Measuring Water with Two Cups: Logical Analysis and C++ Implementation

Today we examine a popular Tencent interview question: given two cups A (9 L) and B (15 L) with unlimited water, determine whether a desired amount n liters can be measured and, if possible, output the steps.

Logical analysis : By repeatedly filling, pouring, and emptying the cups we effectively perform the Euclidean algorithm, so the measurable volumes are exactly multiples of gcd(A, B) . For A = 9 and B = 15, gcd(9,15)=3 , thus any volume that is a multiple of 3 L (0, 3, 6, 9, 12, 15, 18…) can be obtained.

The following C++ functions implement the test:

#include
using namespace std;

int gcd(int x, int y) {
    int z = y;
    while (x % y != 0) {
        z = x % y;
        x = y;
        y = z;
    }
    return z;
}

bool can(int A, int B, int n) {
    if (n % gcd(A, B) == 0) {
        return true;
    }
    return false;
}

int main() {
    for (int n = 0; n < 20; n++) // test
    {
        if (can(9, 15, n)) {
            cout << n << endl;
        }
    }
    return 0;
}

Running this program prints the reachable volumes: 0, 3, 6, 9, 12, 15, 18.
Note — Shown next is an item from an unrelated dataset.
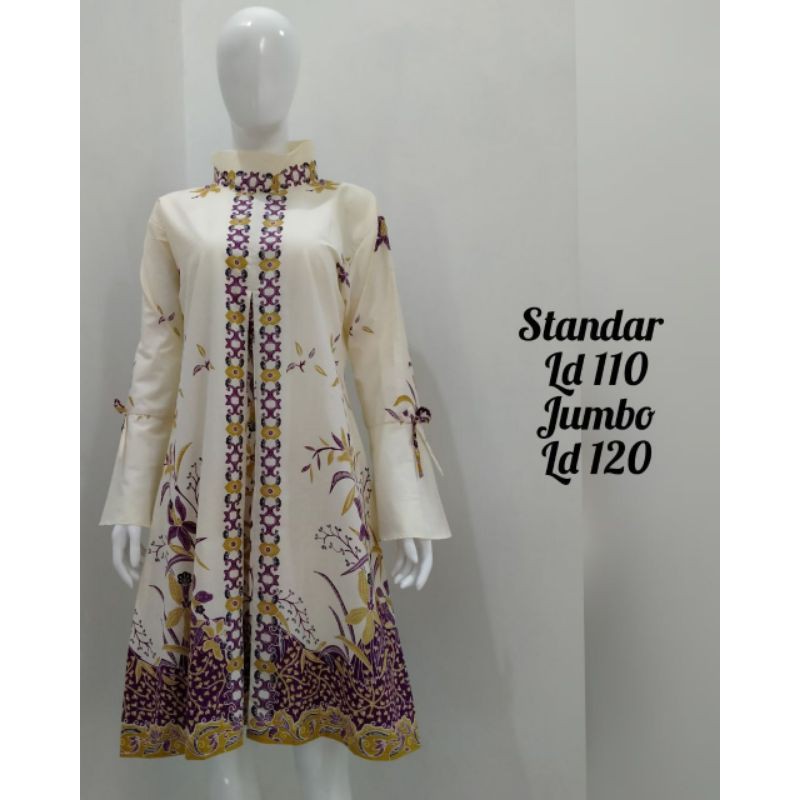 BATIK PEKALONGAN TUNIK UNGGUL JAYA WHITE STA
Constructing the pouring steps : Once a target n (multiple of 3) is chosen, we can simulate the process. The following C++ routine performs the actual pouring operations and prints each action.

#include
using namespace std;

void pour(int A, int B, int target) {
    // inA, inB represent current water amounts in cups A and B
    int inA = 0;
    int inB = 0;
    int flag = 0;
    while (1) {
        // safety guard
        if (flag++ > 999) {
            cout << "Fail" << endl;
            break;
        }
        if (0 == inA) {
            cout << "fill A" << endl;
            inA = A;
        } else {
            cout << "pour A into B" << endl;
            inB += inA;
            if (inB >= B) {
                inA = inB - B;
                cout << "empty B" << endl;
                inB = 0;
            } else {
                inA = 0;
            }
        }
        if (target == inA || target == inB) {
            cout << "Success, OK!" << endl;
            break;
        }
    }
}

int main() {
    int A = 9;
    int B = 15;
    int n = 6; // example target
    // proven that any A, B, n can be reduced to 0 <= n < A < B
    pour(A, B, n);
    return 0;
}

For the example target 6 L the program outputs the sequence:

fill A
pour A into B
fill A
pour A into B
empty B
pour A into B
fill A
pour A into B
fill A
pour A into B
empty B
Success, OK!

The key to solving the problem lies in the logical analysis (gcd reasoning); the coding part follows naturally once the feasibility condition is known.

Hope this explanation helps you tackle similar interview puzzles.